:: TASK ::
Starting at the line that has "Transform Your Sleep" and stopping after the line that has "Peramari Σετ Διακοσμητικό", reproduce the listing below exactly; omit everything else.

─── RECORDS TO PROCESS ───

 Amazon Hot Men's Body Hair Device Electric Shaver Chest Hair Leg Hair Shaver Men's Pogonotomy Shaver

───
─── RECORDS TO PROCESS ───

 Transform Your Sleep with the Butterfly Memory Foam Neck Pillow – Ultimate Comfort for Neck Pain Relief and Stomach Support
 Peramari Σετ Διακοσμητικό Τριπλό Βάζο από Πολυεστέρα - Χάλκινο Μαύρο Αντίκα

───
─── RECORDS TO PROCESS ───

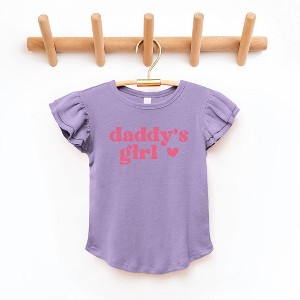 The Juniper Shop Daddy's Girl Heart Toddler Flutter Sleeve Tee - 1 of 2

───

:: YOUR RESPONSE ::
 Transform Your Sleep with the Butterfly Memory Foam Neck Pillow – Ultimate Comfort for Neck Pain Relief and Stomach Support
 Peramari Σετ Διακοσμητικό Τριπλό Βάζο από Πολυεστέρα - Χάλκινο Μαύρο Αντίκα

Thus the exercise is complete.